#### Fixing the vector issue

Upon reading the Scores obtained from the [Decision tree implementation](https://github.com/Galeforse/Advanced-Cyber-Analytics-for-Attack-Detection/blob/main/Alex/Decision%20Tree%20Implementation.ipynb) used for improving models' understanding of how to distinguish between red_team anomalies and general traffic anomalies, I discovered that the initial uploaded vector of scores only contained data from Days 57 through Day 83. This small appendix is aimed at fixing that issue.

I read the data locally.

In [2]:
# setwd("D://LA//ATI Data//Summaries//Just_Auth")
df<- read.table(file="LA.txt", header=T, sep=",")
Score <- read.table(file="AuthScores.txt", header=T)

Remove the unnecessary column.

In [None]:
df<- df[, -1]

Evaluate the current dimensions.

In [8]:
head(Score)
head(df)
cat("\n")
dim(Score)
dim(df)

c
0
0
0
0
0
0


UserName,SrcDevice,DstDevice,AuthType,Failure,DailyCount
User035855,Comp808475,Comp081330,TGS,0,17
Comp655251$,Comp655251,ActiveDirectory,NetworkLogon,0,350
User762066,Comp306129,ActiveDirectory,TGS,0,22
User384215,Comp095190,EnterpriseAppServer,NetworkLogon,0,35
User043263,Comp883307,Comp384394,TGS,0,2
User631552,Comp621781,Comp915658,NetworkLogon,0,1





The number of rows do not match, since the Scores don't contain the normal traffic days. The quick fix consists of adding the 'zero' scores at the start, as well as at the end of the current 'Scores' vector respectively.

In [10]:
N1<- nrow(df)*56/90
Auth1 <- df[as.numeric(rownames(df))<=N1, ]
N3 <- nrow(df)*83/90
Auth3 <- df[as.numeric(rownames(df))>=N3, ]
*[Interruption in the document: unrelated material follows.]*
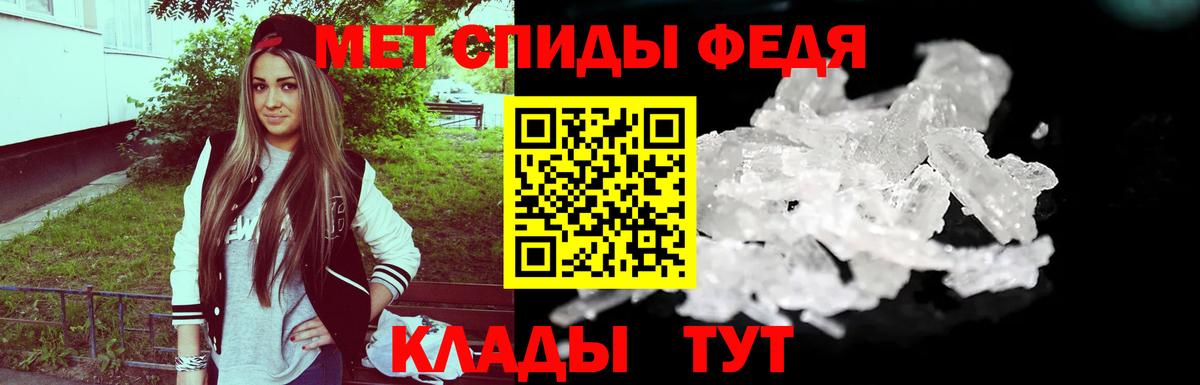 МЕТАМФЕТАМИН пудра Волхов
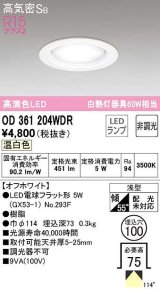 オーデリック　OD361204WDR(ランプ別梱)　ダウンライト LEDランプ 非調光 温白色 高気密SB 埋込穴φ100 オフホワイト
c1 <- as.data.frame(rep(0, times=nrow(Auth1)))
c2<- as.data.frame(rep(0, times=nrow(Auth3)))
colnames(c1) <- c("c") 
colnames(c2) <- c("c")

Score <- rbind(c1, Score)
Score<- rbind(Score, c2)

The issue should now be resolved.

In [11]:
identical(nrow(Score), nrow(df))   ## Should be TRUE

This is what the new dataset looks like:

In [16]:
df<- cbind(df, 'Score' = Score)
head(df)

UserName,SrcDevice,DstDevice,AuthType,Failure,DailyCount,c
User035855,Comp808475,Comp081330,TGS,0,17,0
Comp655251$,Comp655251,ActiveDirectory,NetworkLogon,0,350,0
User762066,Comp306129,ActiveDirectory,TGS,0,22,0
User384215,Comp095190,EnterpriseAppServer,NetworkLogon,0,35,0
User043263,Comp883307,Comp384394,TGS,0,2,0
User631552,Comp621781,Comp915658,NetworkLogon,0,1,0


Lastly, we save our results. DO NOT run the following line of code, there is no need. The [old upload is still available here](https://github.com/Galeforse/Advanced-Cyber-Analytics-for-Attack-Detection/blob/main/Data/AuthScores.txt).

In [17]:
# write.csv(x=Score, file="AuthScores.csv")

The resulting vector of scores can be [found here](). We chose to upload the vector only rather than the entire dataset for memory preservation.